Political Science Class
"We live in a society" - political science classes give you a better understanding of society. You'll learn about government, laws, and politics - three things that have remained as central elements of society for pretty much the entirety of human history. You'll also gain a more nuanced understanding of U.S. History and the most politically influential U.S court cases and how these have influenced the development of society.
Taking this class also typically involves learning how to debate, which is another skill that will pretty much always be useful when dealing with other people.
Personal Finance Class
Being able to properly manage personal finances is becoming more and more important. Understanding the costs of retirement, making a down payment for a house, applying for a car loan, addressing substantial amounts of student loan debt load, and making good investments - these are just a few of the many situations that graduating students are going to have to grapple with throughout their lives and future careers.
Rather than waiting until after you've graduated to learn these things by trial and error, consider taking a few college credits in personal finance so you can save yourself the trouble by saving your money.
Public Speaking Class
Public speaking is the #1 most commonly stated fear in the world. Despite this - or maybe because of it - employers consistently say that what they look for most when hiring from among new grads are effective communication skills. We went over this a little bit already in the segment above for classes to improve your writing skills, but just because you can write well doesn't mean you can get away without knowing how to speak effectively.
Of the many things you'll need to do to get through college that you'll probably never have to do again after you graduate, making is probably not among them. So, unless you want to embarrass yourself by speaking at a wedding, an awards ceremony, on live television, or wherever you end up after college, you're should probably take a class in public speaking.
Even if you will only ever need it for a job interview, a public speaking course will improve your ability to effectively and efficiently communicate with your listeners.
Bonus: Foreign Language Classes
If English is your native tongue, you could probably go your whole life without needing to say anything in another language - particularly if you don't plan on visiting another country. But the benefits of knowing how to speak a different language can are more than just "getting by" in a different country.
Being able to speak a foreign language can boost your career; in today's global economy, business-savvy employers who see the trend are prioritizing bilingual and multilingual applicants.

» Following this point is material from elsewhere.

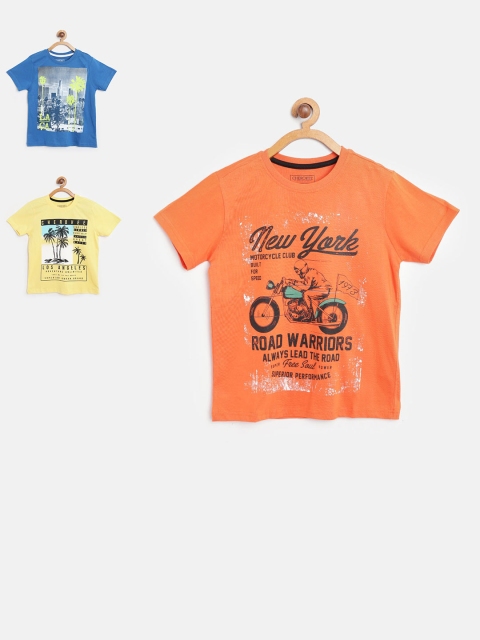 

Cherokee Boys Pack of 3 Assorted Round Neck T-shirts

After English speakers, the next biggest markets in the U.S. are Spanish and Chinese speakers, so employers will often prefer candidates who can speak English as well as Spanish and/or Chinese to serve all these markets equally.
Advice to High School Students
High school classes are often less technically demanding than college-level classes. But, if you are a high school student preparing to graduate and start your first semester of college, you can still do a lot now to improve your grades and develop your skills.

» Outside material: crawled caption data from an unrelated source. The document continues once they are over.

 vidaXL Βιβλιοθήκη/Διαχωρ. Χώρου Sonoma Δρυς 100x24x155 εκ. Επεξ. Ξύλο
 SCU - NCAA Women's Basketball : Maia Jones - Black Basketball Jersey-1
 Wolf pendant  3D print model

Talk to your advisor about available high school electives you can take to best improve your chances of college admission. If you plan on taking up a science degree, consider taking extra classes in math. Contact the offices of admission at colleges that interest you about the courses they offer to get a better picture of where you want to take your college career in the future.
Achieving your aspirations and getting into your dream college will be challenging, but you don't have to do it on your own. Don't be afraid to ask for help, whether that involves getting better grades or sending in a stellar college admission essay.
It's never too soon to prepare, and if you're here reading this, you are on the right track.